Work to complete →
Each line below from the one containing "NDC Man Sweater" through the one containing "Kodak Zink Photo Paper (RODZ2X3100)" is to be given again exactly, and no line outside that span.

(Supplied information begins)

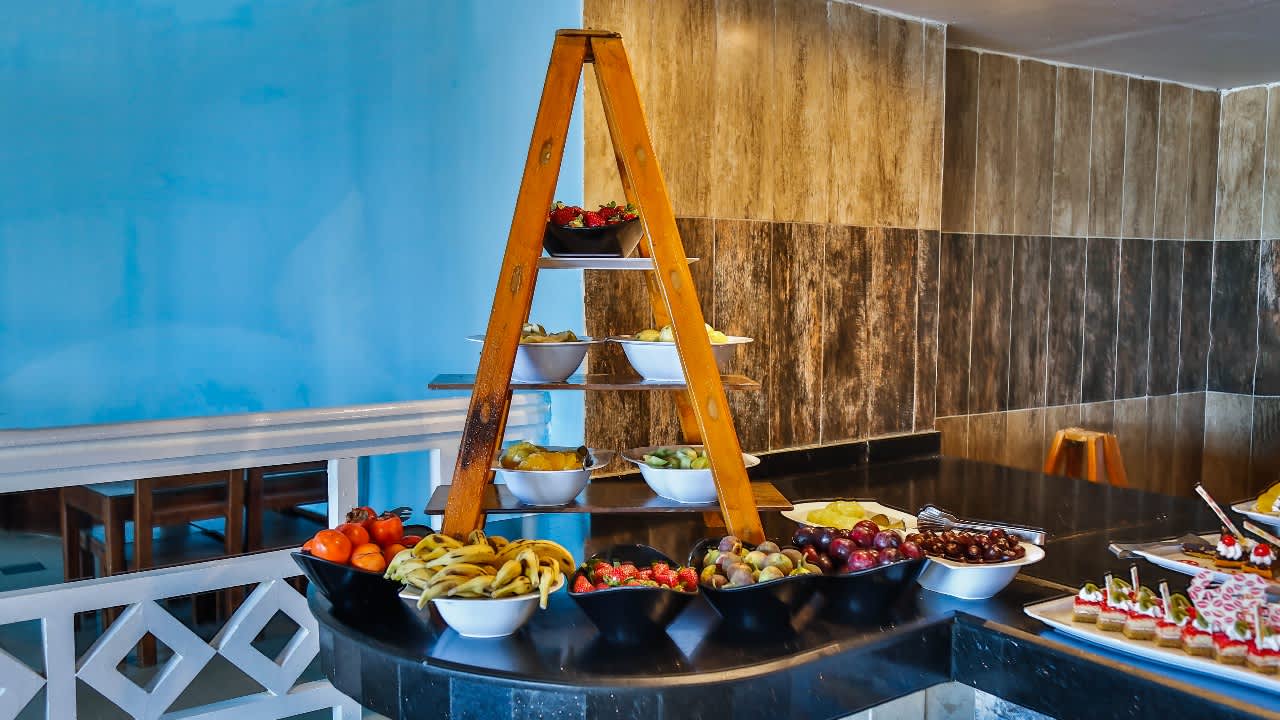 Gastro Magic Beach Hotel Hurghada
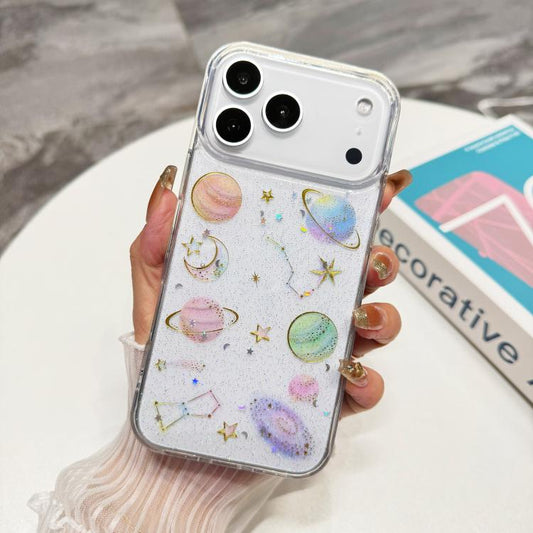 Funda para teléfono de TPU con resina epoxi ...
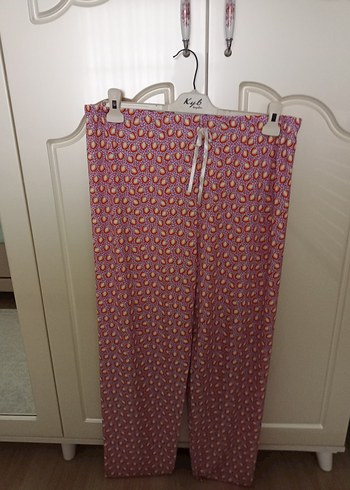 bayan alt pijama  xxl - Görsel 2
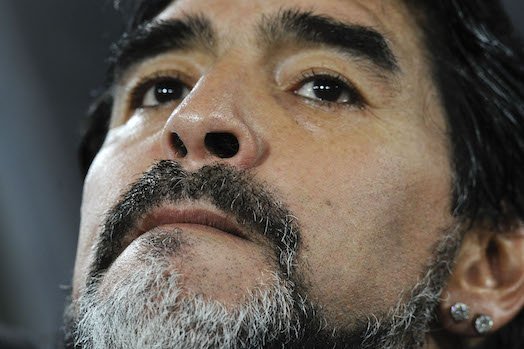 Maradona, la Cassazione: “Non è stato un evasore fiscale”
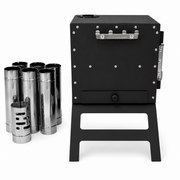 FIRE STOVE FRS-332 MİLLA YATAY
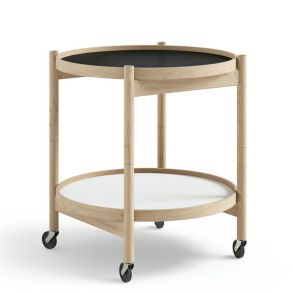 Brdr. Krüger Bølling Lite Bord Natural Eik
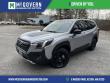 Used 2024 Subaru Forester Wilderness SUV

(Supplied information ends)
(Supplied information begins)

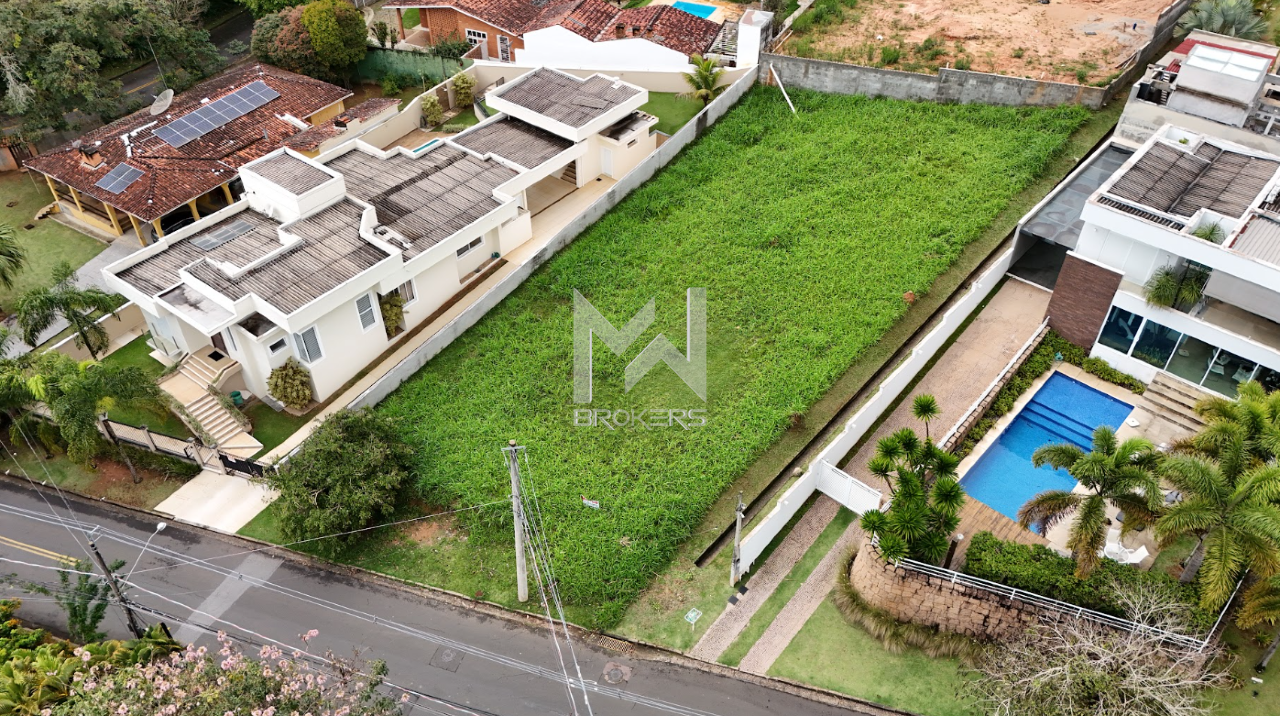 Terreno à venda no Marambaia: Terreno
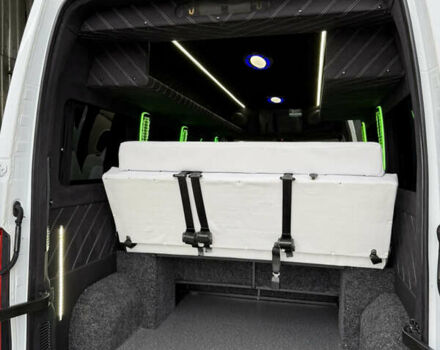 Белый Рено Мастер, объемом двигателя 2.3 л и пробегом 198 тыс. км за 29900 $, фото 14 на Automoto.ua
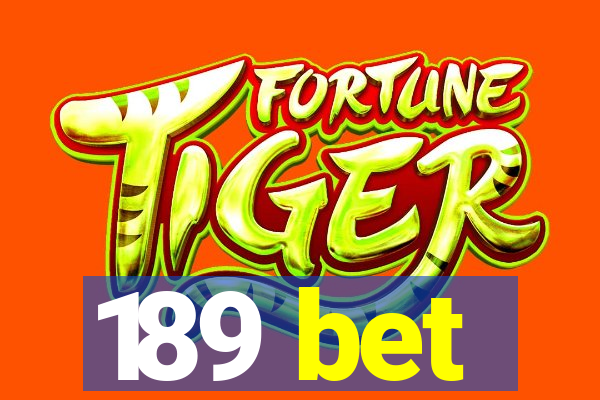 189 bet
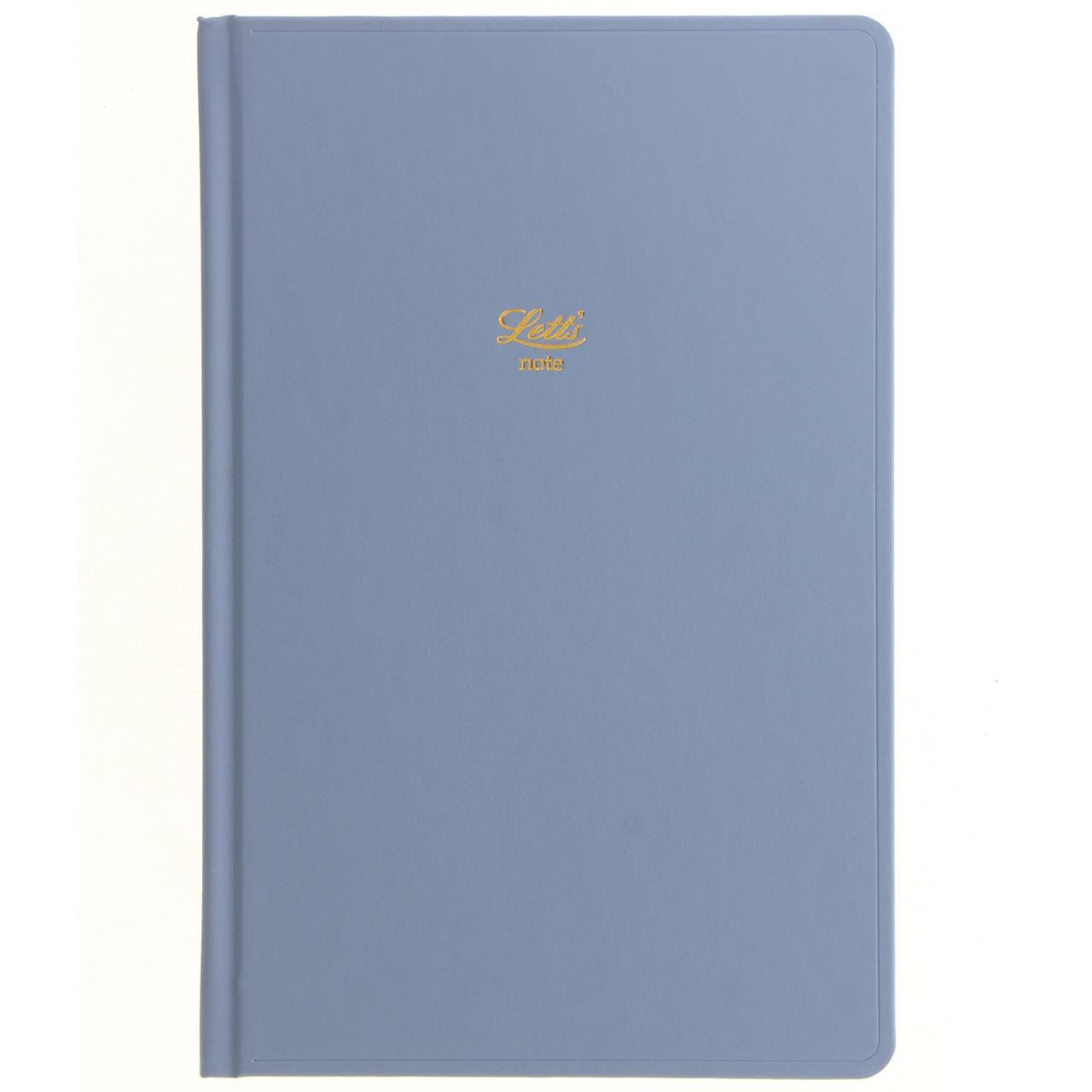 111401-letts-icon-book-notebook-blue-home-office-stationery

(Supplied information ends)
(Supplied information begins)

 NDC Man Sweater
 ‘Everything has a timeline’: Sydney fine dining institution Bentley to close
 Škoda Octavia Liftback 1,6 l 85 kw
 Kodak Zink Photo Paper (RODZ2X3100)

(Supplied information ends)

Output of the exercise →
 NDC Man Sweater
 ‘Everything has a timeline’: Sydney fine dining institution Bentley to close
 Škoda Octavia Liftback 1,6 l 85 kw
 Kodak Zink Photo Paper (RODZ2X3100)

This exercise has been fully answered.